Shortly after he was sworn in as governor in 1999, Jeb Bush signed a union-backed bill that some argue led Florida's cities to massively underfund their municipal pensions. As he squares off against Wisconsin Gov. Scott Walker and others in the Republican presidential primary, the law may come to haunt him.
"If you're Governor Walker, you can say ‘I took on the unions, while he gave them what they wanted,'” said Andrew Biggs, a resident scholar at the American Enterprise Institute, a conservative think tank. "It plays as something where he held the line, and Governor Bush didn’t."
The law set a minimum standard for fire and police pension benefits and used state money to encourage cities to enhance pensions above those amounts. The goal was to increase pension benefits without letting cities simply pass their baseline obligations onto the state.
During the boom years of the early 2000s, the system worked well. But when the Florida economy crashed in 2008, the law prevented cities from getting help from the state to cover their pension losses. Instead, to avoid leaving state money on the table, cities ended up continuing to add extra benefits, leaving local taxpayers on the hook for the core of the pensions and increasing government spending overall.

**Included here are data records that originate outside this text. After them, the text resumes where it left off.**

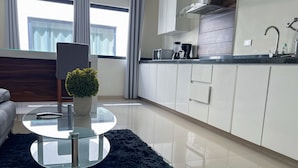 Eine moderne Küche mit weißen Schränken, einer schwarzen Arbeitsplatte und einem Glastisch mit einem Blumentopf.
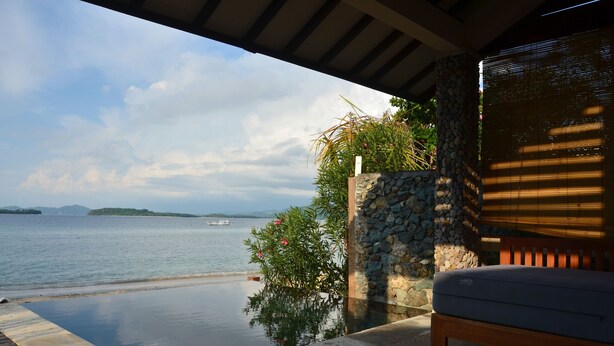 A balcony with a view of the sea, a stone wall, and a bench. - Cocotinos Sekotong, a Boutique Beach Resort & Spa (Sekotong Barat)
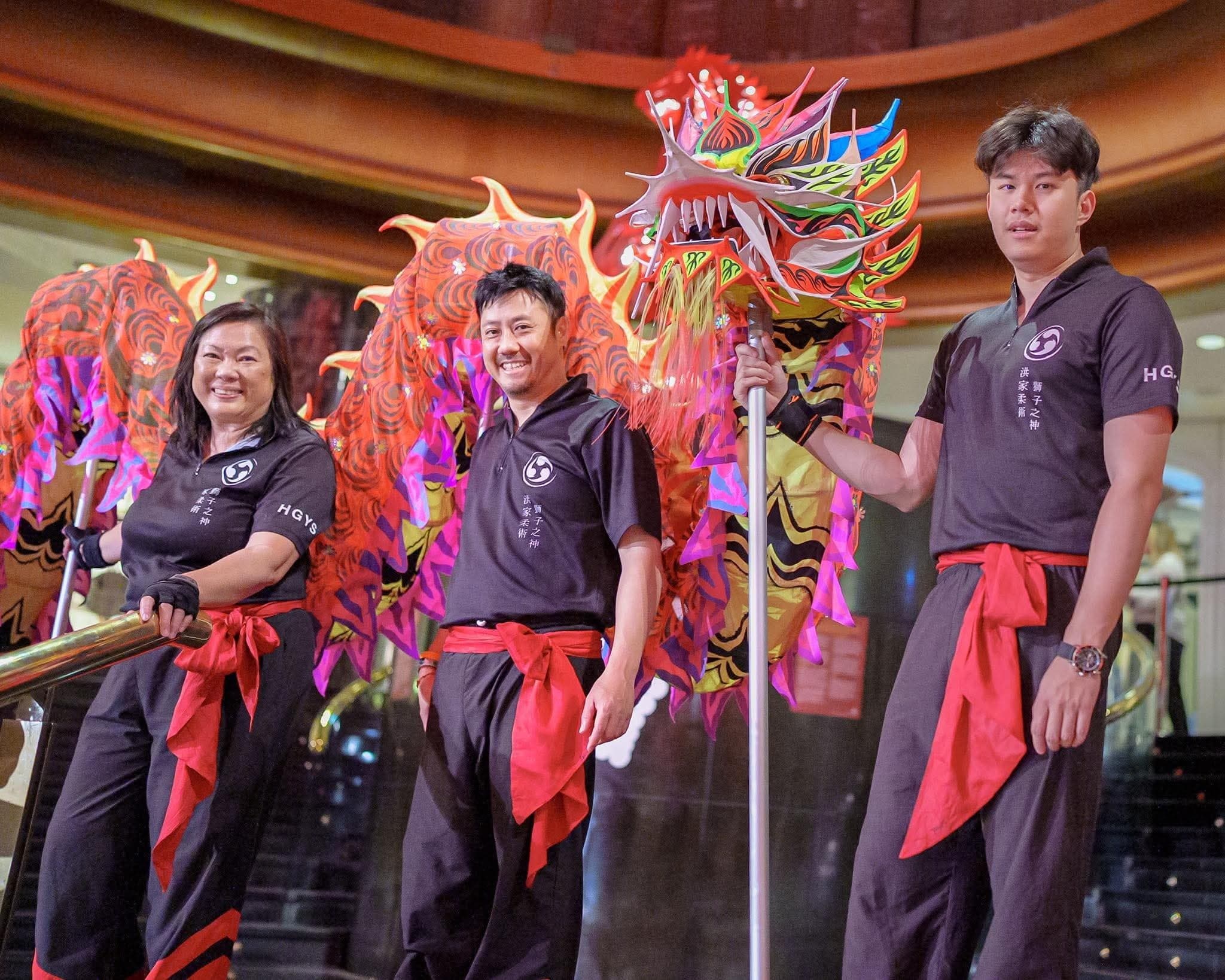 Three people in front of dragon before Lunar New Year performance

“Now you have a hole in your underlying funding,” explains Mike Sittig, president of the Florida League of Cities. “That hole has to be filled, and in most cities that hole is filled with property taxes. It means that property taxes went up, or some other local priority was cut out of the budget.”
In the 16 years since the law was passed, pension spending has skyrocketed as some cities have tried to make up for pension fund losses in the market. A bill to reform the 1999 law passed the Florida legislature on April 24th — it ends the rule that state funds only be used for extra pension benefits, but incentivizes cities and unions to directly negotiate on the municipal level. That bill is awaiting Governor Rick Scott's signature, but the damage may already be done. A 2014 report card of Florida municipal pensions conducted by the Leroy Collins Institute and Florida TaxWatch found that almost 50% of municipal pension plans got "D" or "F" grades.

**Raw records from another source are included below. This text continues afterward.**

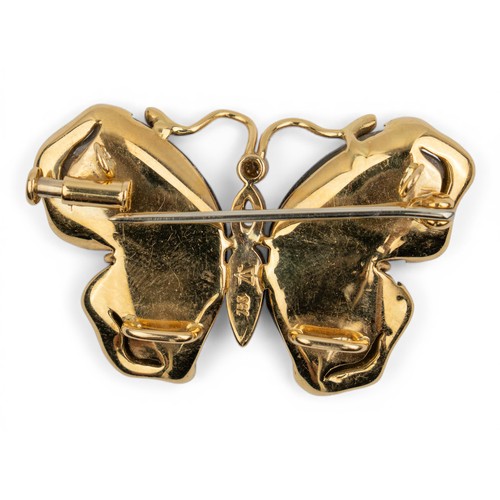61 - An 18 ct. gold tourmaline and diamond butterfly brooch, circa 1960sThe thorax set with a single marq... 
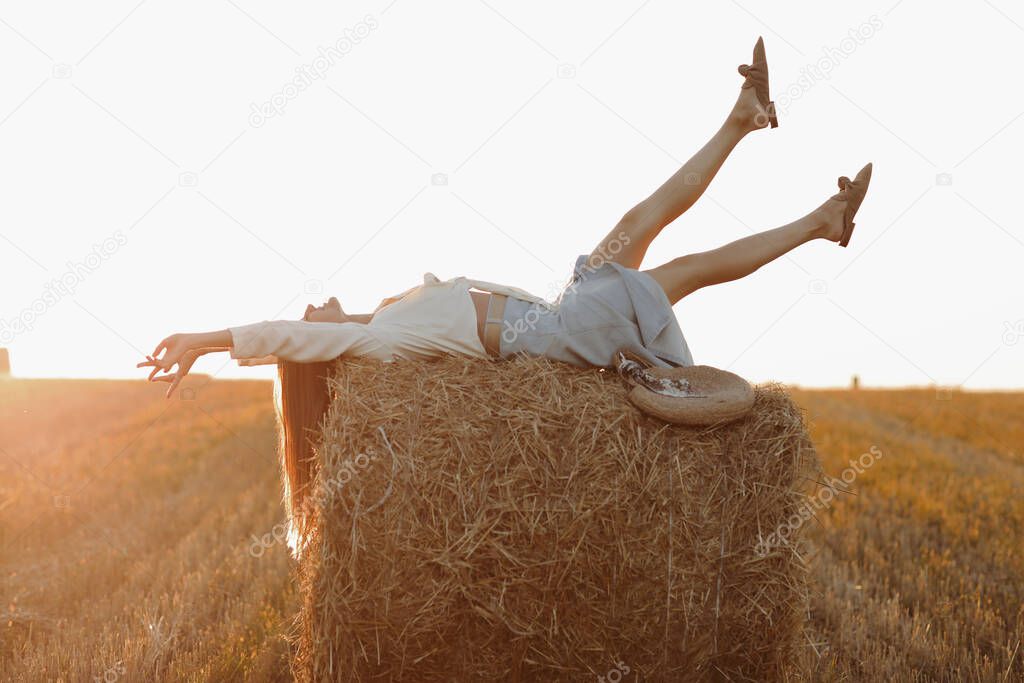 Young woman with long hair, wearing jeans skirt, light shirt is lying on straw bale in field in summer on sunset. Female portrait in natural rural scene. Environmental eco tourism concept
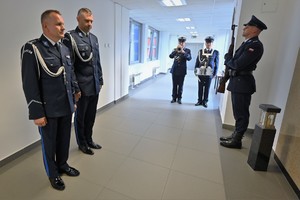 Zdjęcie. Umundurowani policjanci składają kwiaty przed tablicą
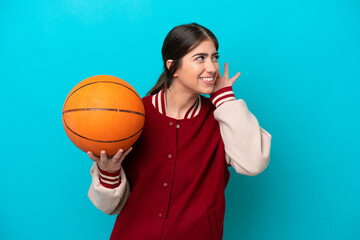 Young caucasian basketball player woman isolated on blue background listening to something by...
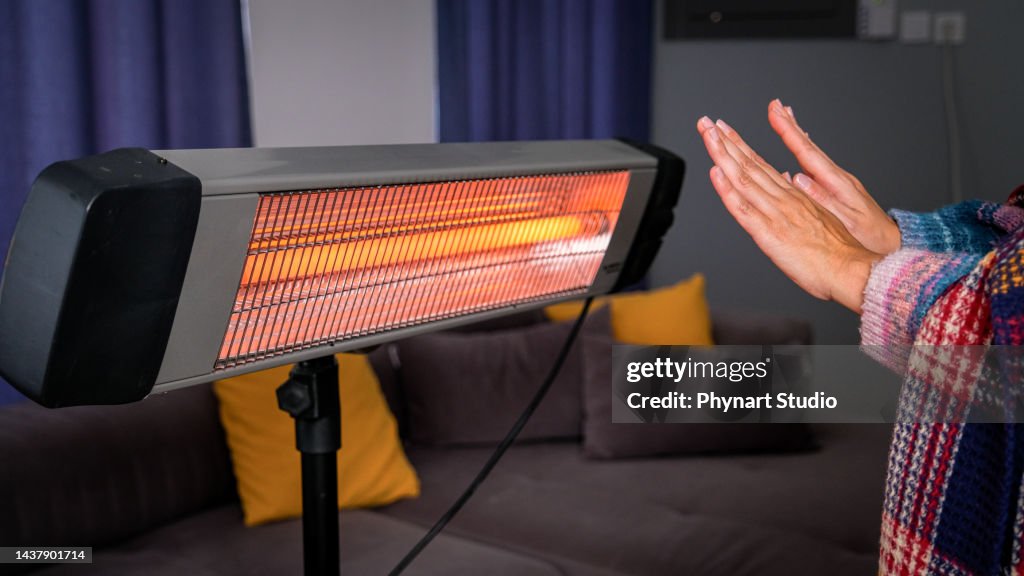 Heat Out Hand Person Heating Their Hands At Home Over A Portable Electric Halogen ...
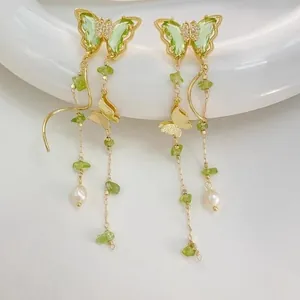 Elegant gold-toned butterfly tassel earrings with green stones and pearls, lifestyle view.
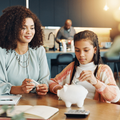 Mother and daughter sit at a kitchen table with a piggybank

Police and firefighter unions stood by the 1999 law as a way to ensure that first responders get their due, regardless of a city's budget problems. “That’s not the police officer’s fault, that’s not the union’s fault, that’s the fault of city leaders who did not put in the money that they should have," says John Rivera, president of the Florida Police Benevolent Association. But both unions also support the recently passed legislation.
Gov. Bush's campaign team says the economic problems are the fault of the cities' mismanagement, not the law itself. "The intent was always that these benefits be funded in a fiscally sound way," says Kristy Campbell, a Bush spokeswoman. "Some cities did not." She added that the candidate supports the recent reform, noting that it's "consistent with the original purpose and intent of the 1999 law," which she says was to ensure that funding for benefits was "fiscally sound."

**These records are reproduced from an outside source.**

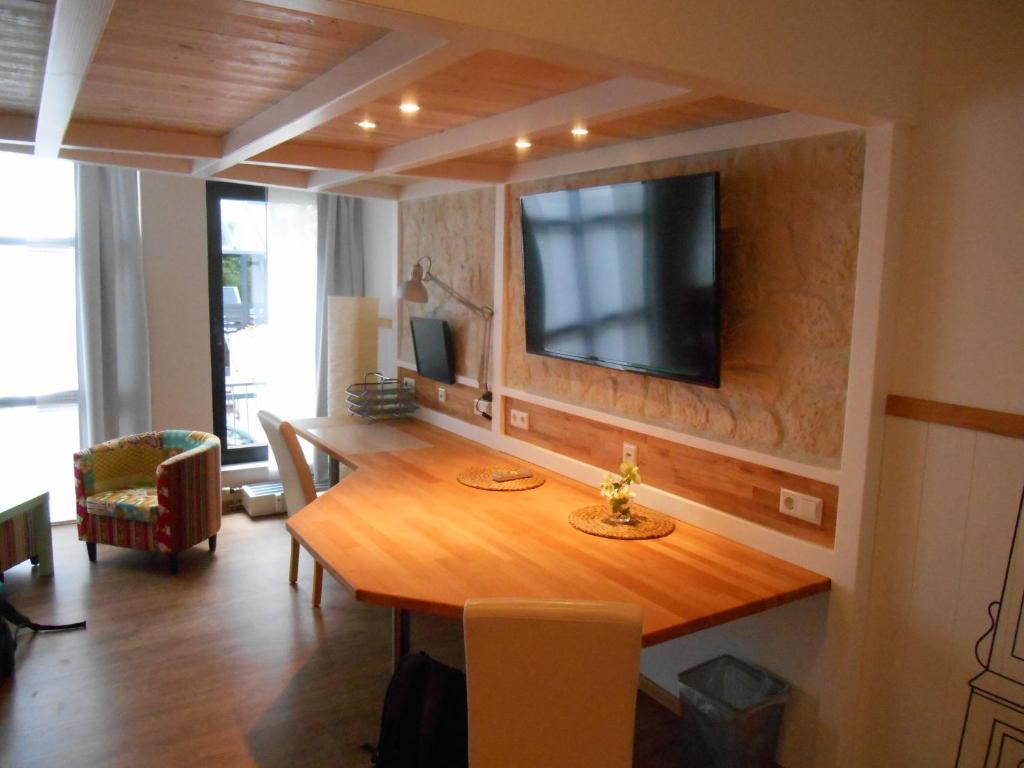 a living room with a wooden table and a television on a wall at Warum ins Hotel in Neckarsulm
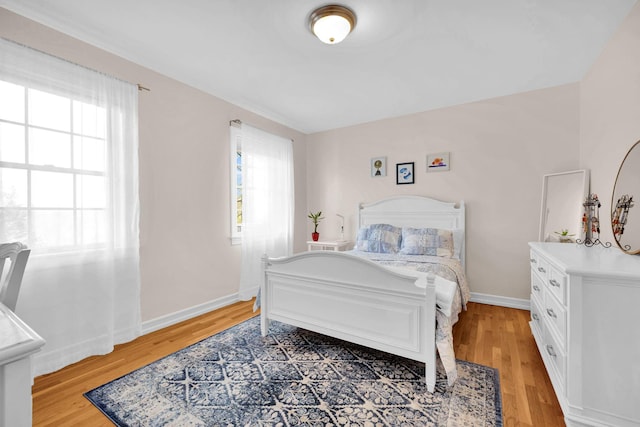 bedroom featuring light wood-type flooring and baseboards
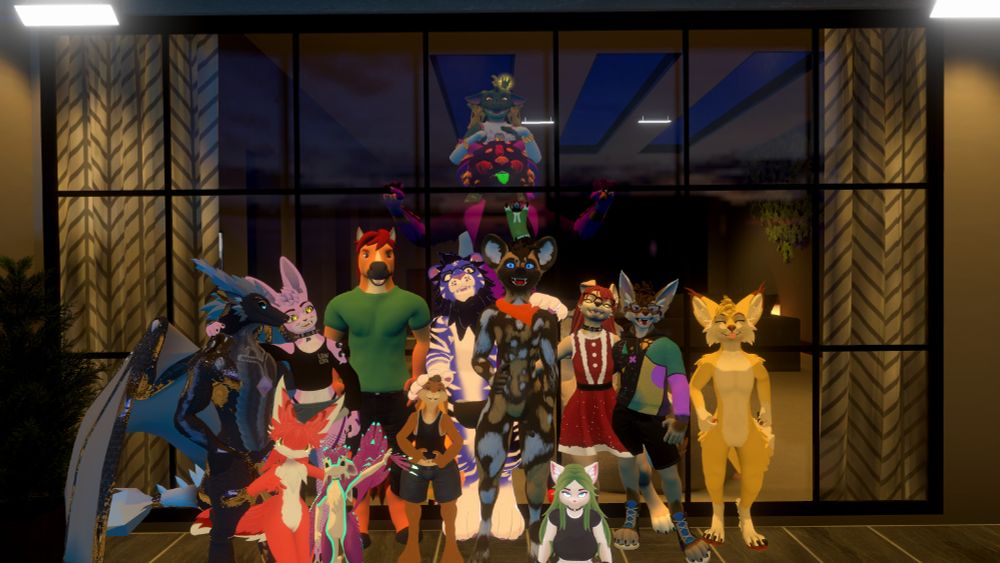 A large collection of VRChat players posing for a group photo. Several characters are visible, each varying in species, colors, fur/scale/hair patterns, etc. The majority of the characters are displaying happy, excited or confident expressions and are embracing each other.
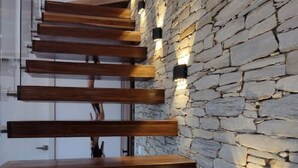 Una escalera de madera que sube a un muro de piedra.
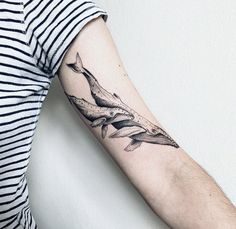 a woman with a whale tattoo on her arm, holding onto the arm of another person's arm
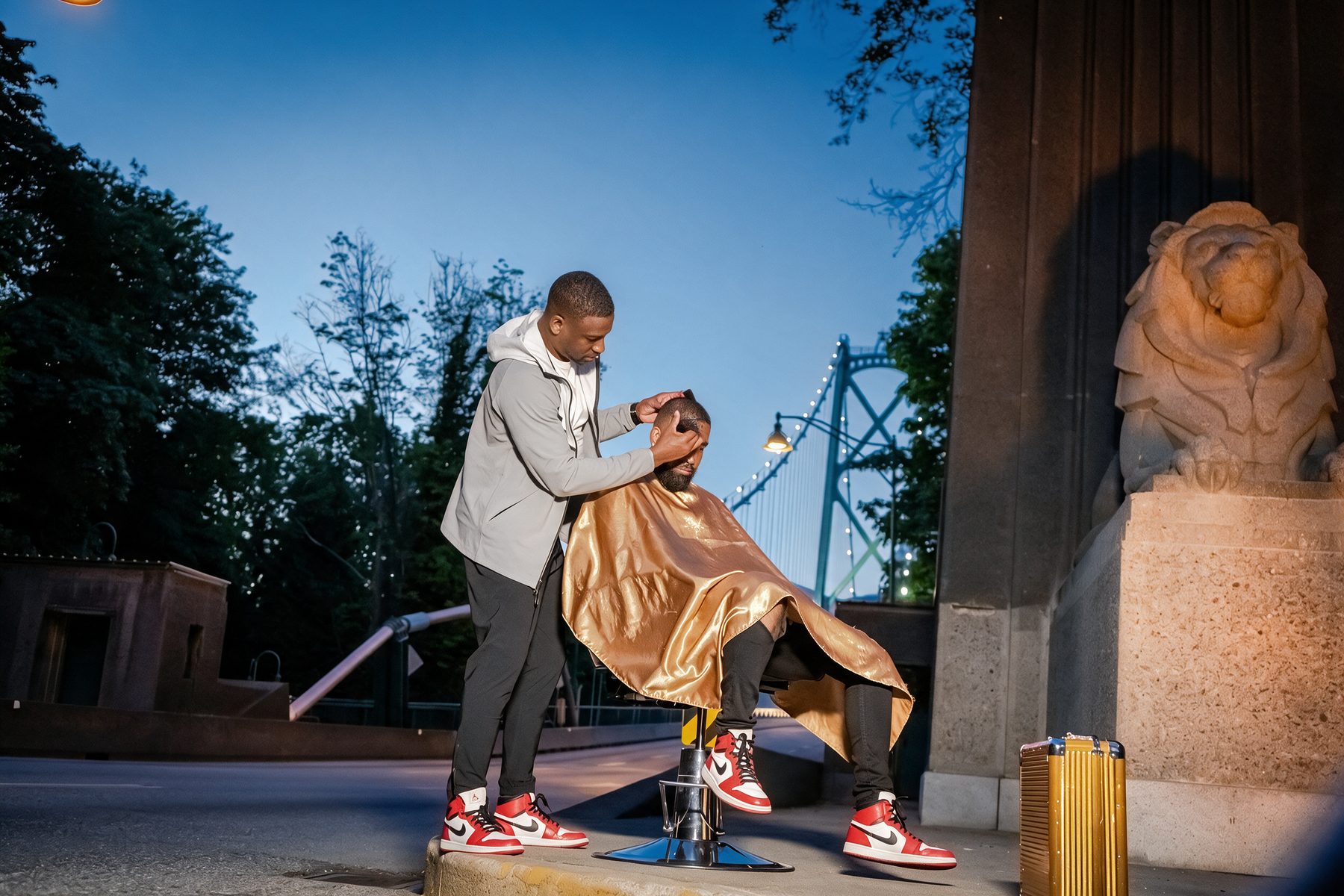 A client in a gold cape in the chair outdoors beside the Lions Gate Bridge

Opponents to the law have been trying to raise awareness about the $10 billion unfunded liability in Florida municipal pensions. Florida TaxWatch, a research institute and government watchdog, has even started a coalition called Taxpayers for Sustainable Pensions to explain the problem and encourage reform.
So far, the pension issue has not become a major rallying cry in the Sunshine State, and none of the other 2016 Republican hopefuls have picked it up as an attack line. But it could become a headache for Bush if the race narrows with Walker, who defeated public-sector unions in a high-profile fight that avoided any cuts to police or fire employee pensions in Wisconsin.
"You’ve got pension funding problems in almost every state in the country, so that’s something that can resonate with people," Biggs says. "If you work out how generous public employee pensions are compared to what you or I are going to get in a 401(k) … it looks like a giveaway to a group that is already getting a better pension than you or me."
The pension problem is ultimately the local government's responsibility, though critics blame unions' role in state politics for exacerbating it.
“Jeb Bush likely credited them for his victory in ’99, and this was the reward,” says state Sen. Jeremy Ring, a Democrat who sponsored the recent reform bill. “It was the most union-friendly bill I’ve ever seen.”
The pension drama has the potential to cast a cloud on Bush's claims that during his time in the governor’s mansion he was the "most conservative governor in the country.” While he cut billions in taxes and balanced the state’s budget, he did so at a time of strong economic growth. When the market collapsed a year after he left office, many of the gains under his tenure eroded. Critics contend Bush should have pursued policies that would have been more resilient during a downturn.
Many of the Floridians who opposed the bill in the 1990s say that the law has done exactly what they feared it would. Tallahassee City Commissioner Scott Maddox's father was the first president of the Florida police union, but the younger Maddox fought against the bill when he was Tallahassee mayor in 1999. "It keeps adding to that benefit, even if it wasn’t asked for," he says. "It makes no sense to me.”
"I’m for local control, and I'm for collective bargaining, and I'm fiscally conservative,"says Maddox, a Democrat who also served as President of the Florida League of Cities. "If you’re any of those three things, I don’t know how you can support that legislation."